In short, what we’ve got is paradoxically strange. A sprawling right-wing community built around the experience of loss of community. A community in which remote means are used — broadcast and online media; the influence of faraway figures like Mr. Trump and high-level organizers — to reinforce people’s idea of a community as being tied to the place where they live.

**

Is the right-wing ecosystem a granfalloon? I decline to answer, on the grounds that I don’t have firsthand knowledge of God’s Will. But perhaps it is possible to shed some new light on a practical question. 

What are the fundamental differences that divide us as a nation? Are there personal characteristics, or traits of mind, that make people on the right (especially the extreme right) different from the rest? Much has been written and said on the topic. Nonetheless, I think it’s worth thinking about a further thought. Maybe those of us on either side of the divide have different notions of community and belonging. 

I was born and raised in one of a string of towns along the Monongahela River near Pittsburgh.

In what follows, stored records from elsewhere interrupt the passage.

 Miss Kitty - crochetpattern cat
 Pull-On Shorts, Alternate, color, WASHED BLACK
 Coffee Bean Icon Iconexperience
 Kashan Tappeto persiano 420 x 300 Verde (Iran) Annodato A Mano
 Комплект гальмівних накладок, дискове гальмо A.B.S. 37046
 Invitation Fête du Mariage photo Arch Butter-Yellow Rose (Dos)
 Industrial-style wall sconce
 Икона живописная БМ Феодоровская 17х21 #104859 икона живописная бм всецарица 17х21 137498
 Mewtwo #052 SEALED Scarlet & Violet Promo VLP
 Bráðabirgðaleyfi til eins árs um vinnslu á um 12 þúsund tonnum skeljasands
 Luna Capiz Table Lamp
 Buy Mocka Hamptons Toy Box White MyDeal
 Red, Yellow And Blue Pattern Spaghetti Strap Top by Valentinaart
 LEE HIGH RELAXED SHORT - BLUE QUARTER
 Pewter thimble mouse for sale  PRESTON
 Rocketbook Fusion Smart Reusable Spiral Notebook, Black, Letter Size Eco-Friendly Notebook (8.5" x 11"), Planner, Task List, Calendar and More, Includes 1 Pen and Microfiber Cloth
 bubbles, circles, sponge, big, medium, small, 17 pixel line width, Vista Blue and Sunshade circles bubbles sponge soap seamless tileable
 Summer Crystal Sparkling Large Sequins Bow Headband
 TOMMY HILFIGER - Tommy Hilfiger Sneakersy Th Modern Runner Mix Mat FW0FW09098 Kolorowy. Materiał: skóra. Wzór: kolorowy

The Mon Valley was at that time a hotbed of American steelmaking and heavy industry, and I have happy memories of my youth in a bustling, blue-collar, Euro-ethnic community. However I became one of the many who left. Moved on to college, then to a rapid-fire series of places around the eastern U.S. (including New York City for a while) … and eventually settled in the Pittsburgh neighborhood I’ve described. A place that is congenial to my habits but not really a “home” in which I feel rooted. 

Being more of a networker than a hometowner, I’m more attracted to change and diversity than to tradition and turf. To me it feels natural to live where the neighbors hail from a variety of places: China and Belgium, Manhattan and Minnesota. For me and I’d daresay for many of those neighbors, the defining spirit is one that’s been voiced by the travel-and-culture writer Pico Iyer: “I am not rooted in a place, I think, so much as in certain values and affiliations and friendships that I carry everywhere I go. And perhaps it’s no coincidence that in this present neighborhood of mine, we vote predominantly blue. 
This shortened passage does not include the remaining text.